928 Sample & Hold


Moog 928 (Moog Archives)

Introduction In August 2020 I bought a set of Behringer System 55 modules, as my first journey into Moog modular. My plan is to recreate the Klaus Schulze IIIP synthesizer and Dual Sequencer setup that Klaus bought on 22nd December 1975, and used successfully for many years.

Moog 928 The Moog Modular synthesizers were launched in the 1960’s without a sample and hold circuit, and only when ARP popularized this circuit in the 2500 and 2600 did Moog introduce one, around 1975. Klaus Schulze used his ARP Odyssey and 2600 for S&H sounds, which were evident in early albums before his use of sequencers.

The Moog circuit is different to the ARP design, as it uses CMOS analog switches rather that a JFET to sample the input signal. It has two signal inputs for sampling, and two sampled outputs, both at different levels (x1 and X3).

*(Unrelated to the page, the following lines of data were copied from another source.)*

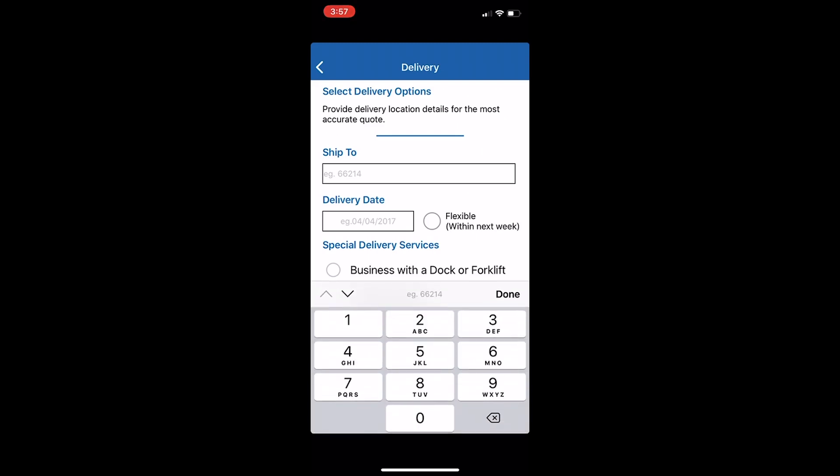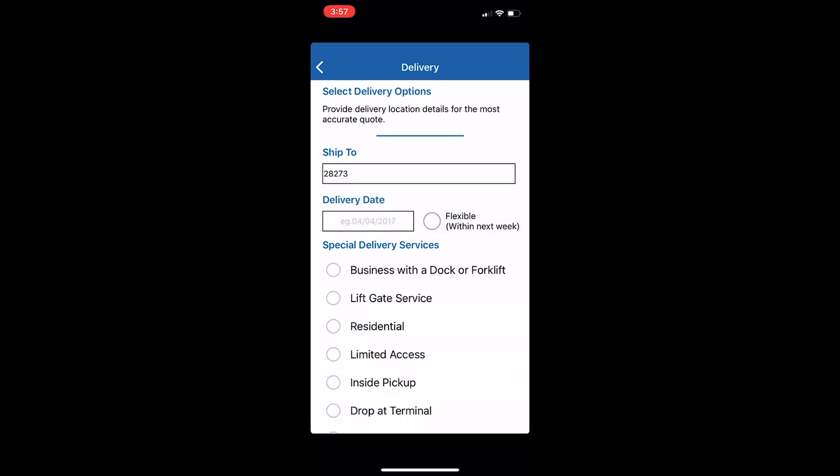Then enter where you would like your equipment delivered, the delivery date, and indicate any special delivery services.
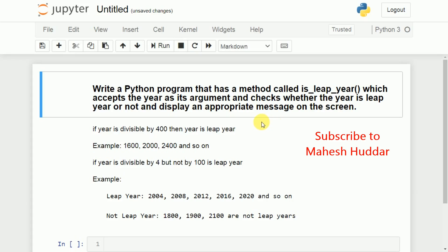Welcome back to the Python tutorial. In this video we will understand how to write a Python program that has a method called isLeapYear, which accepts the year as its argument and checks whether the year is a leap year or not and displays an appropriate message on the screen.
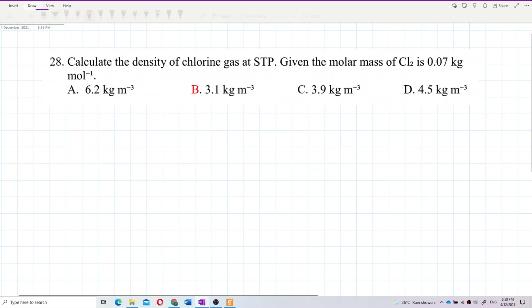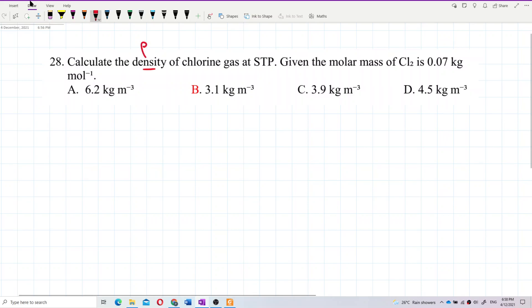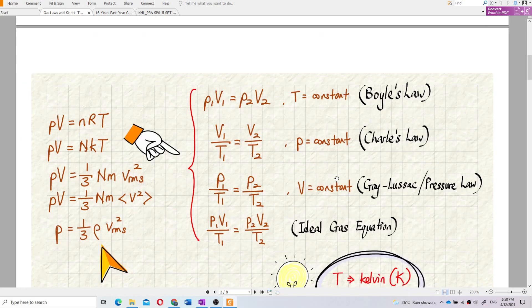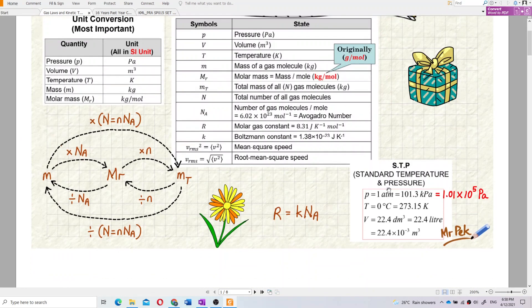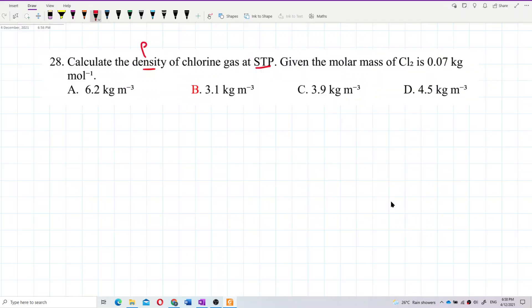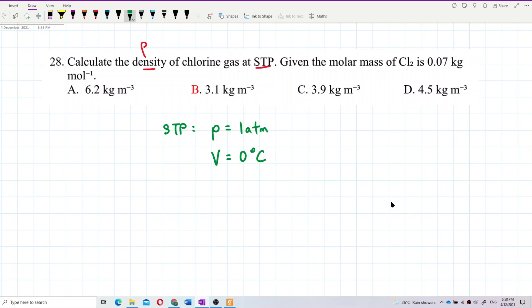Here we need to find density at standard temperature and pressure. What is standard temperature and pressure? Standard temperature and pressure is 1 atmospheric pressure and 0 degrees Celsius. That's what we need to know.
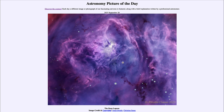So that was our picture of the day for September 28th, 2023 — titled 'The Deep Lagoon.' We'll be back again tomorrow for the next picture, which will apparently be 'back from Bennu,' so we'll see what that's about. Until then, have a great day everyone, and I will see you in class.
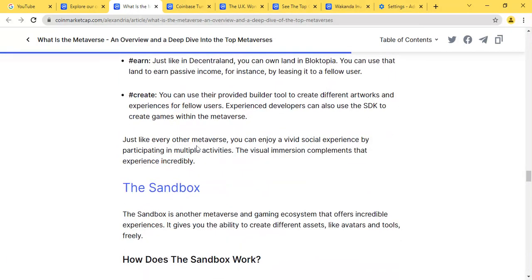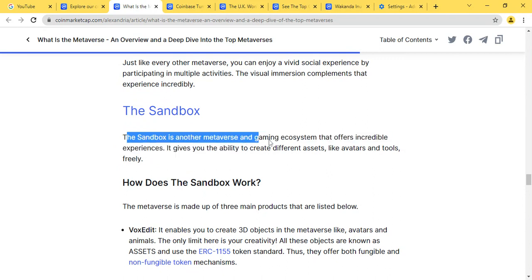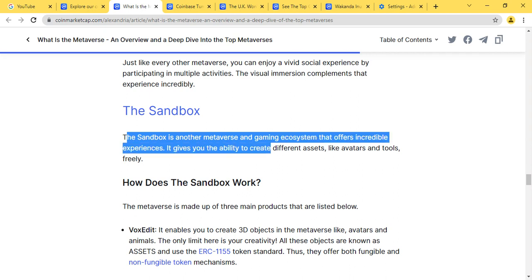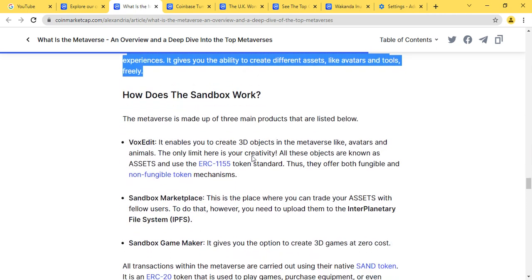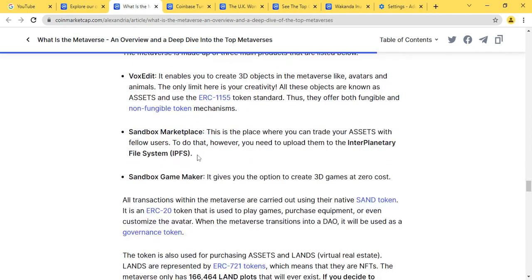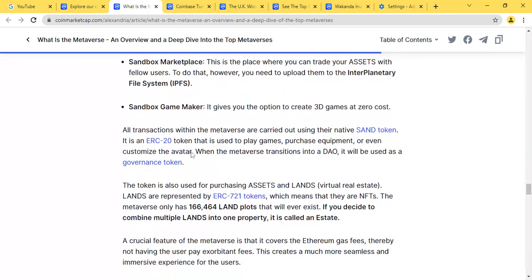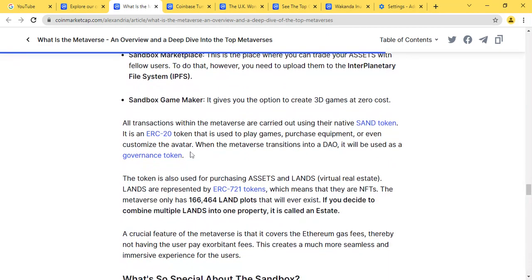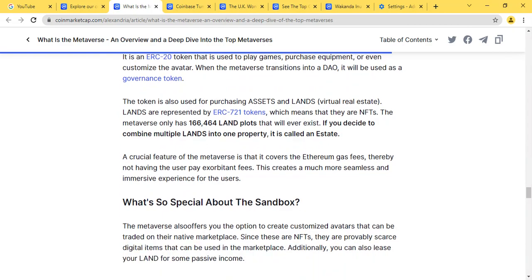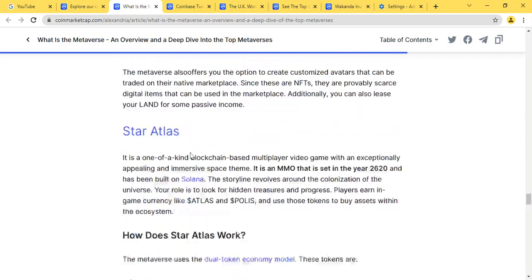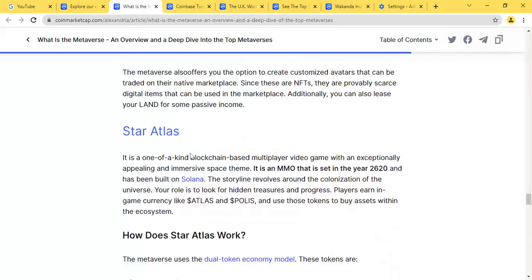Then we have Sandbox. Sandbox has been one of the most popular ones. Sandbox is another metaverse and gaming ecosystem that offers incredible experiences, giving you the ability to create different assets like avatars and tools for free. Transactions within the metaverse are carried out using the native SAND token, which is an ERC-20 token. The SAND token is doing well guys. The price has moved lots, so even if you're an investor in SAND token, you should be rejoicing if you bought the dip.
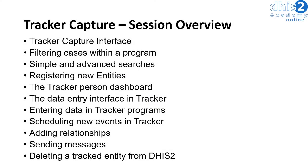In this session, we will demonstrate the use of Tracker Capture to collect tracker-based data. We will start by introducing the Tracker Capture interface.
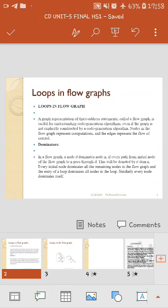Now we discuss the dominator, which is part of the flow graph. In a flow graph, a node D dominates node N if every path from the initial node of the flow graph to node N goes through D. This is denoted as D DOM N. Every initial node dominates all remaining nodes in the flow graph.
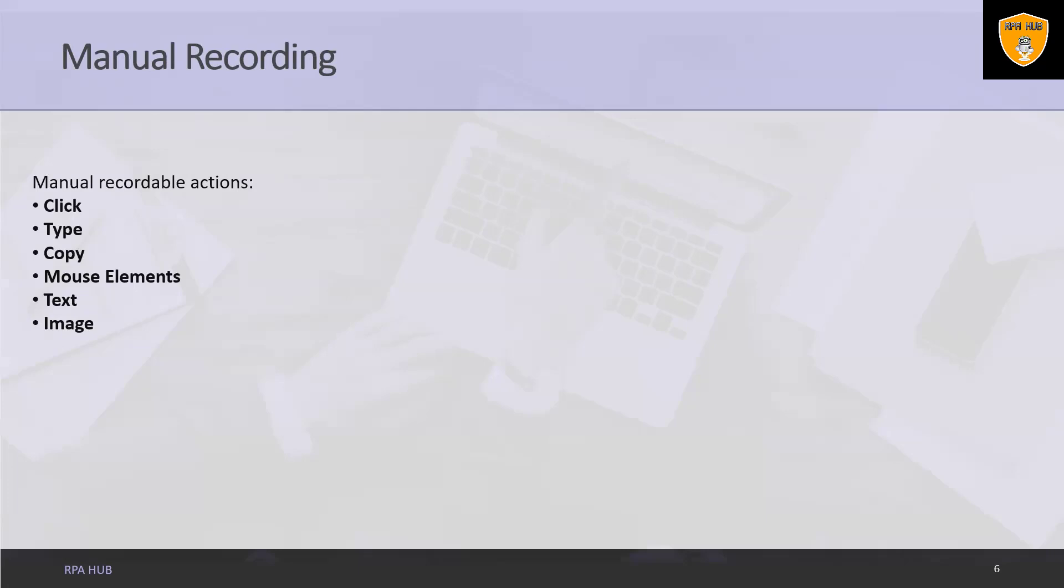Image. Image manual recording enables us to wait for a specified image to disappear.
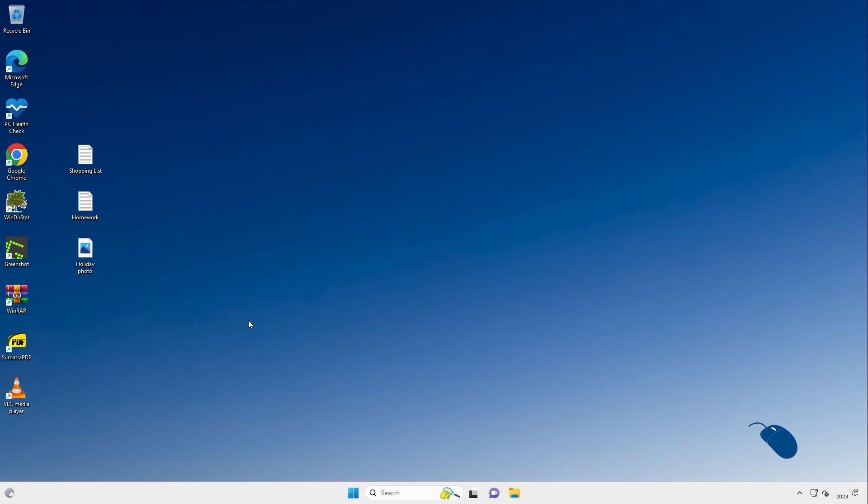Alright that's it for this demo. Hit the like button if you found it useful and subscribe for more content like this and I'll catch you in the next one. Bye for now.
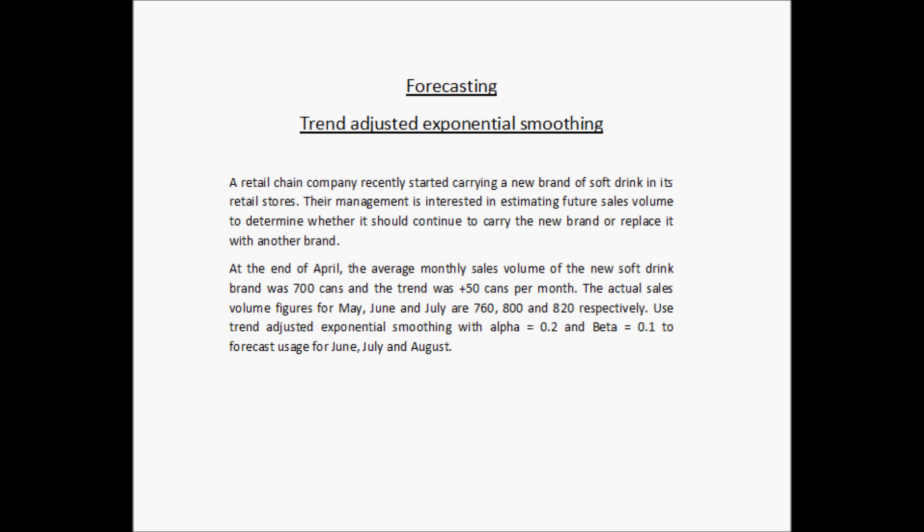They have options to keep different brands of soft drinks, and the current brand is being evaluated to find out if it is going to generate good revenues. If not, they are thinking of replacing it with another brand. One of the most important factors is how much future sales volume the current brand will generate. At the end of April, the average monthly sales volume was 700 cans and the trend was 50 cans per month. The actual sales volumes for May, June, and July are 760, 800, and 820 respectively.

There is a precision low frequency clock that uses an OTA and matched transistor pairs, and you can either use this clock as the sampling source or switch to the V-trigger and S-trigger inputs. The square and triangle outputs of the clock are also available on the front panel.

AMSynths 928

AMSynths 928 I have replicated the original Moog circuit using THD components on two PCB’s, and in the same 8HP panel format that complements the Behringer System 55. The original Moog design uses early FET Op Amps (CA3130) which I have replaced with modern TL072’s.  The power rails have the usual Moog +12V, and -6V but also +9V for the 3130 and it can only cope with a maximum of 16V across the rails, with modern Op  Amps this is not a constraint.

There is quite a lot of circuit to fit onto both the PCB’s and its a tight but achievable in THD. There was no room for me to add a LED circuit but this may make it to production models. Prototype PCB’s were ordered in late October 2020 but caught in the Chinese holidays and didn’t arrive until November.